Nathan disagreed.
"What if we are meant to conserve ammunition? We - "
Jeremy cut him off in a blur of words.
"It's a test. I mean, if we go crazy and shoot all the weapons off then we'd show we have no battle discipline and not be worthy soldiers.”
"Yes, it's a test," agreed Ian, lifting the cover and sliding out the blunderbuss. The musket's weight bore down his left hand's grip on the barrel; the thing slipped and clattered upon the flagstones. Ian grinned.
Lights winked on, small crystals studded to the inner seam of each table leg. They appeared much as summer streetlamps do, one beaming to life, then the glittering birth of its thousand brothers a second later. The boys were torn. A bewilderment of weapons was ripe for the taking on all sides, an orchard heavily laden with fruits of primed gunpowder and razored steel. Jeremy’s anxiety was clear to Nathan. To progress was to be in an ever more deadly part of the collection, that much was obvious. By his reckoning, Nathan could see the promise of modern guns but a few hundred metres away.

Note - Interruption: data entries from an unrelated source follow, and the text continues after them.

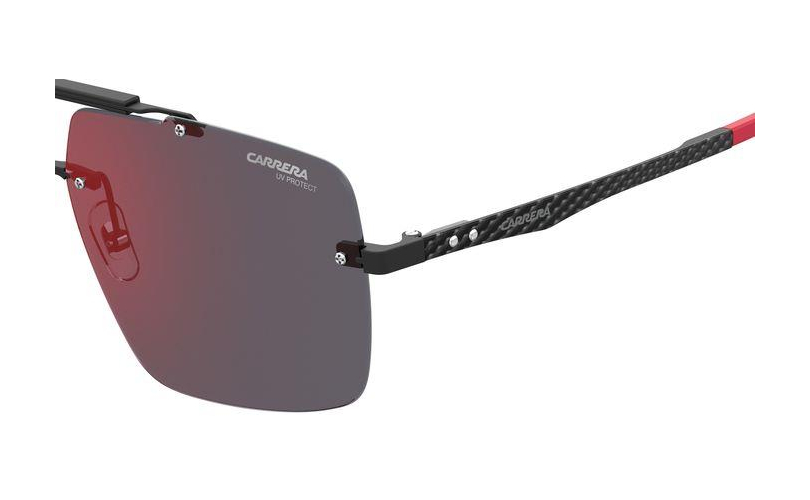 CARRERA CARRERA 8034/SE - 003/AO - 3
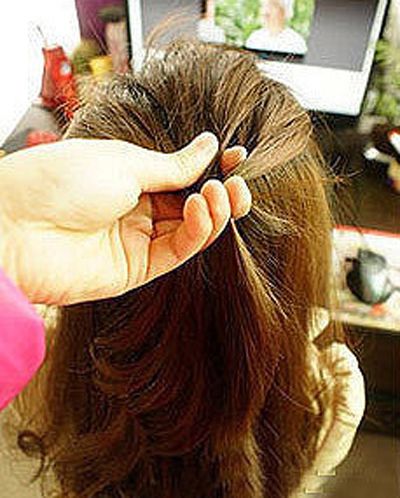 8��Ů����ʲô���ͺÿ� ����Ů����������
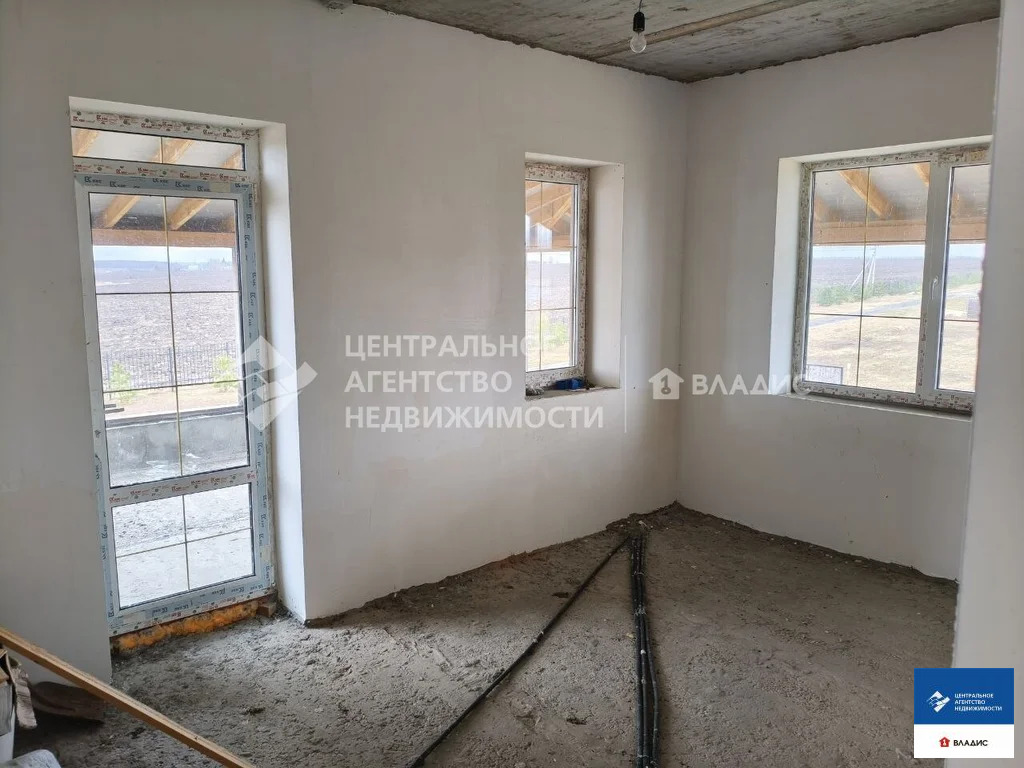 Продажа дома, Рязанский район, Рассветная улица - Фото 18
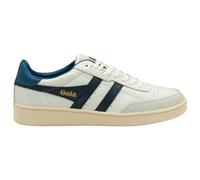 Gola - Contact Leather - Sneaker EU 44 beige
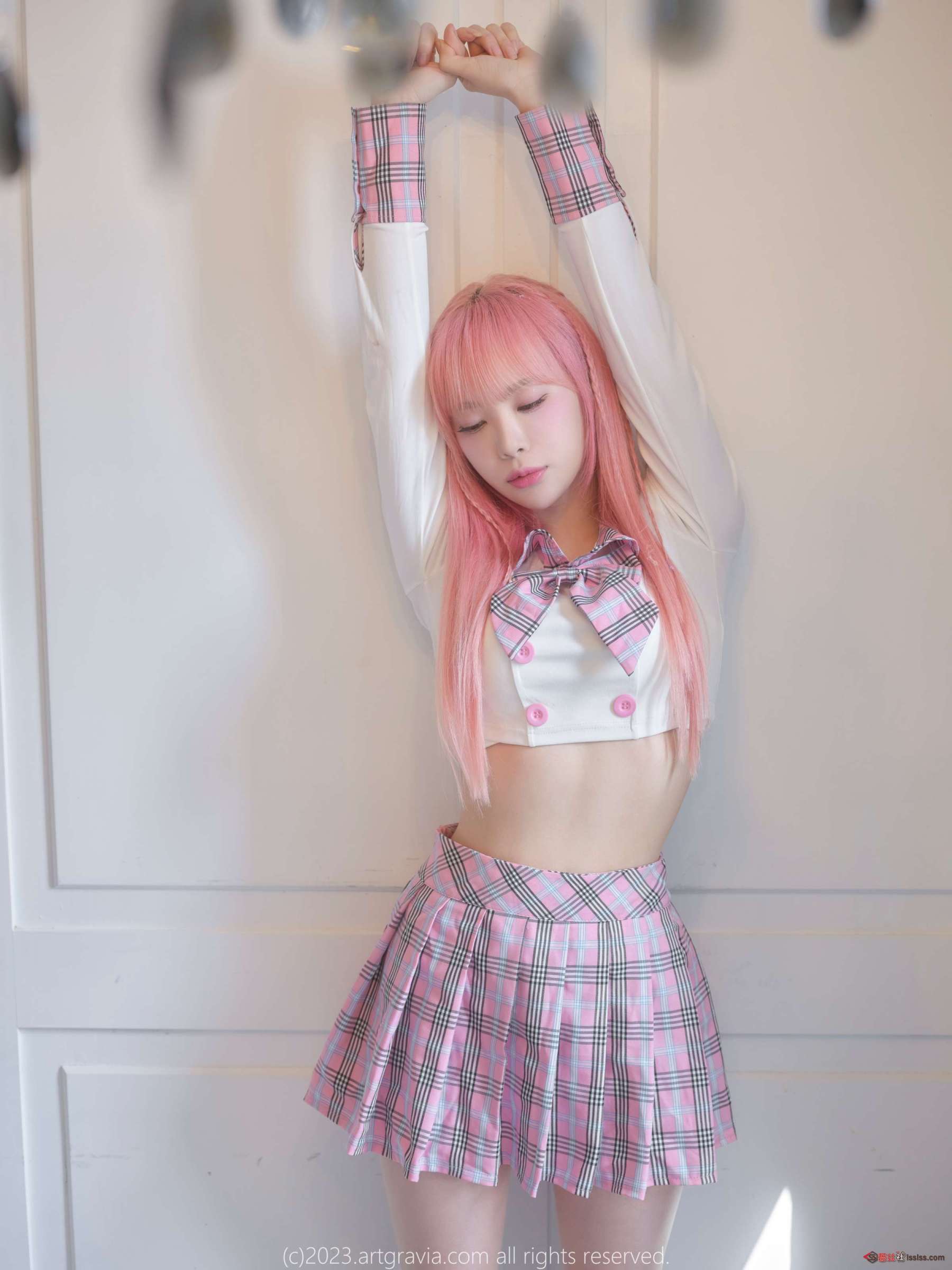 https://www.lss77.com/wp-content/uploads/2024/08/1724087178-e88a49bccde359f-1800x2400.jpg
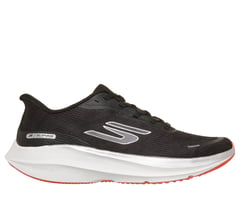 Skechers Slip-ins: Aero Pulse — BLACK 1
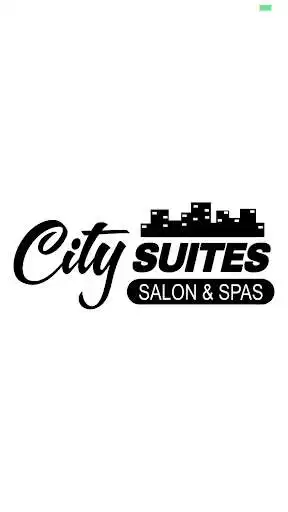 Play City Suites Salon  Spas  and enjoy City Suites Salon  Spas with UptoPlay
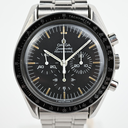 Omega Speedmaster Moonwatch 145022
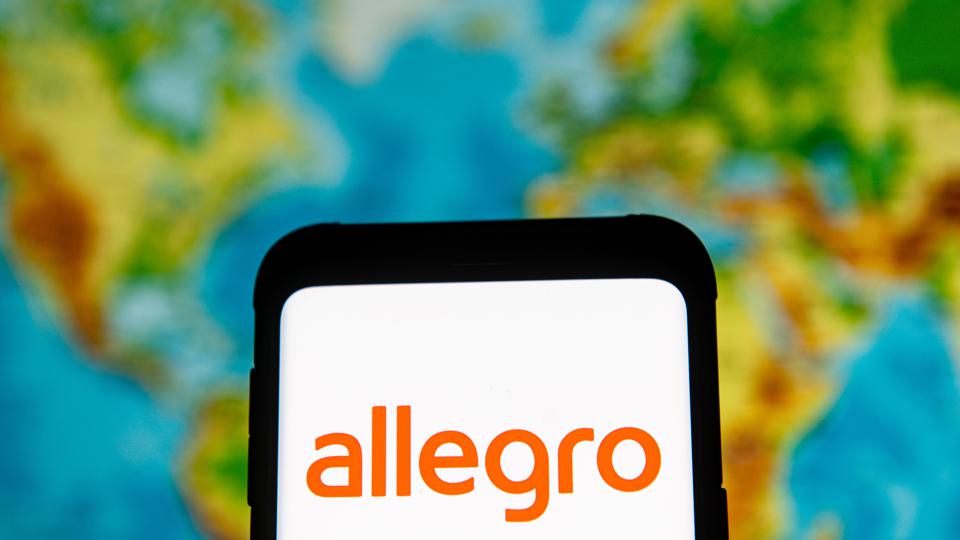 Impresivni rezultati na berzi: Poljski Allegro procjenjuje se na 19 milijardi dolara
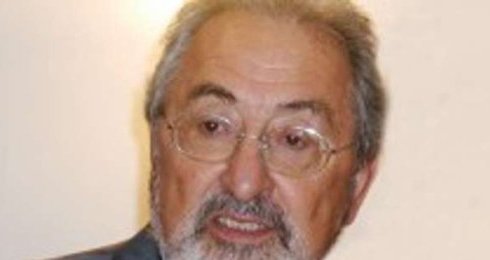 Abdelouahed El Alami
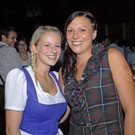 145_bearbeitet-1.jpg
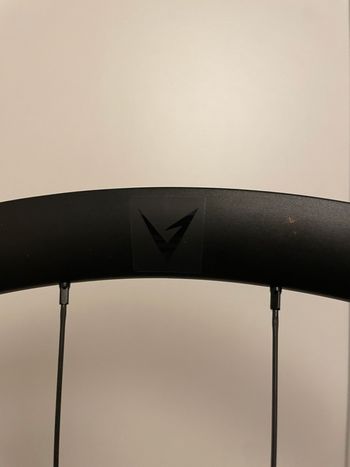 Used Velomann V30R 2025 bike — image 3 of 5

He told his friends of his theory and they were quick to agree.
“This is Death’s armoury, his arsenal, his storehouse,” said Jeremy. The boy smiled and hefted a mace whose flanged blades caught the lamplight with an understated malice. Kneeling to peer at the table bottoms, Ian’s voice was insistent.
“No, it’s like a museum. Of the all the ways people have killed each other.”
A realisation came to Nathan.
“They are both one and the same thing,” he whispered. “But will there be neutron bombs at the end, or something else, I wonder?”
Jeremy seized the thread quickly.
“I think this could be like a continuum of death,” he declared. “An eternal place out of time’s reach. We could see plasma rifles, mass driver guns and cool stuff from the future at the end.”
Ian jumped suddenly and planted both sneakers into the nearest case, which failed to break but cracked ominously. Nathan winced now.
If this is Death’s property, we should show it some respect, he thought. Regret overcame him for his earlier mocking thoughts. Death was most certainly nobody’s fool.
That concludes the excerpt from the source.